# Possible Twente Open 2009/2010?



## trying-to-speedcube... (Jan 10, 2009)

There has been a bit of a discussion about it in my 1:56.00 5x5 solve thread, but I made a new thread. 

Willing competitors: Guus, Erik, Maarten, Rama, some kids from my school, and my brother. I hereby ask Ron to help me out here, because I have got no idea about how to organize a competition, and I know Ron has more experience with it. What do we need?


----------



## jcuber (Jan 10, 2009)

Is Twente a country?


----------



## guusrs (Jan 10, 2009)

BTW. The first Twente championships where held in september 1981 in V&D Enschede. 
Marc Waterman won the event in 36 seconds, Wouter Brouwer became second (38 seconds) and I became third (40 seconds).
Gus


----------



## guusrs (Jan 10, 2009)

jcuber said:


> Is Twente a country?


A small region in the east of the Netherlands. Marc Waterman, Daan Krammer (inventing Waterman extensions), Erik Akkerdijk, Maarten Smit and myself raised up over there. Anneke Treep, founder of the dutch cube club NKC (still existing!) also lives there. 
Gus


----------



## Erik (Jan 12, 2009)

Do you know I'm planning to organise it already? still waiting for reply from the UT twente people. If you want we can 'join forces' and get some things going now?
The plan was to organise it without the main help of 'already active' Dutch Organisers like Ron and Ton and organise our own competition without depending (too much) on Ron and Ton and at the same time try to realise some new ideas Arnaud and me have about competitions and systems during a competition.


----------



## guusrs (Jan 12, 2009)

Erik said:


> Do you know I'm planning to organise it already? still waiting for reply from the UT twente people. If you want we can 'join forces' and get some things going now?
> The plan was to organise it without the main help of 'already active' Dutch Organisers like Ron and Ton and organise our own competition without depending (too much) on Ron and Ton and at the same time try to realise some new ideas Arnaud and me have about competitions and systems during a competition.



Hi Erik,

Maybe I can help a little. It depends on the date! You already got some? 

Gus


----------



## Erik (Jan 12, 2009)

The date will depend a bit on wether we not already have a venue. Once we have a good venue we can start working out a lot of things a bit further.
Together with Arnaud we already roughly discussed (and decided on some) things like:
material, electronic material, events, systems, prizes, food, places to sleep.


----------



## guusrs (Jan 12, 2009)

Erik said:


> The date will depend a bit on wether we not already have a venue. Once we have a good venue we can start working out a lot of things a bit further.
> Together with Arnaud we already roughly discussed (and decided on some) things like:
> material, electronic material, events, systems, prizes, food, places to sleep.
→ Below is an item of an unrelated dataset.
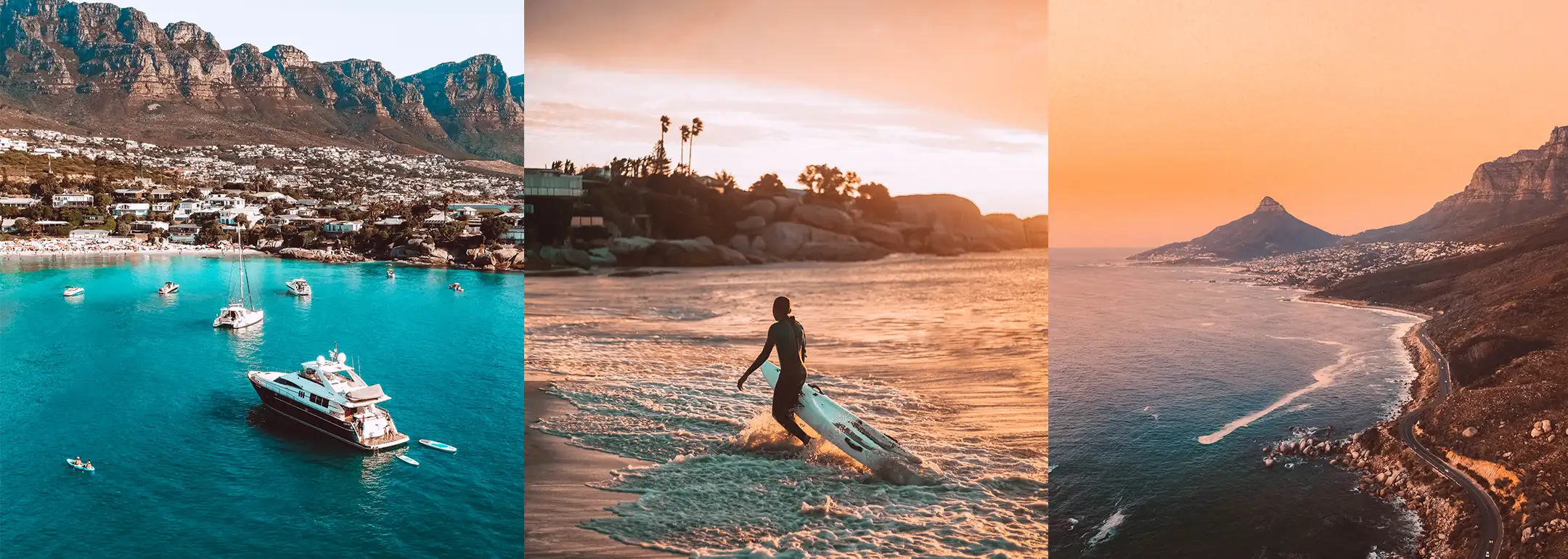 Three scenes: yachts in turquoise water with mountains in the background, surfer at sunset, and coastal road at dusk. Fabulous Flowers and Gifts. Cape Town.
In mid 80's we once had a NKC cubeday in "De Bastille". I think the building is still there


----------



## trying-to-speedcube... (Jan 13, 2009)

Well, if Erik was already trying to accomplish something with UT, then I think we could just have the competition in one of the UT buildings, it's easy to get there (Drienerloo), places to sleep: uuh... Erik knows more about Enschede than I do... I suppose we could find a youth hostel or something like that, food: I think the UT has a cantine...

I don't know how big you all want it to be (one day, a weekend etc.) but for events:
3x3
4x4
5x5
6x6
7x7
2x2
3x3OH
3x3BLD
3x3FM
(megaminx)
(pyraminx)
(square-1)
(magic)
(master magic)
(clock)
(4x4BLD)
(5x5BLD)

prizes: certificate for top-3 and a shirt for the winner or something like that?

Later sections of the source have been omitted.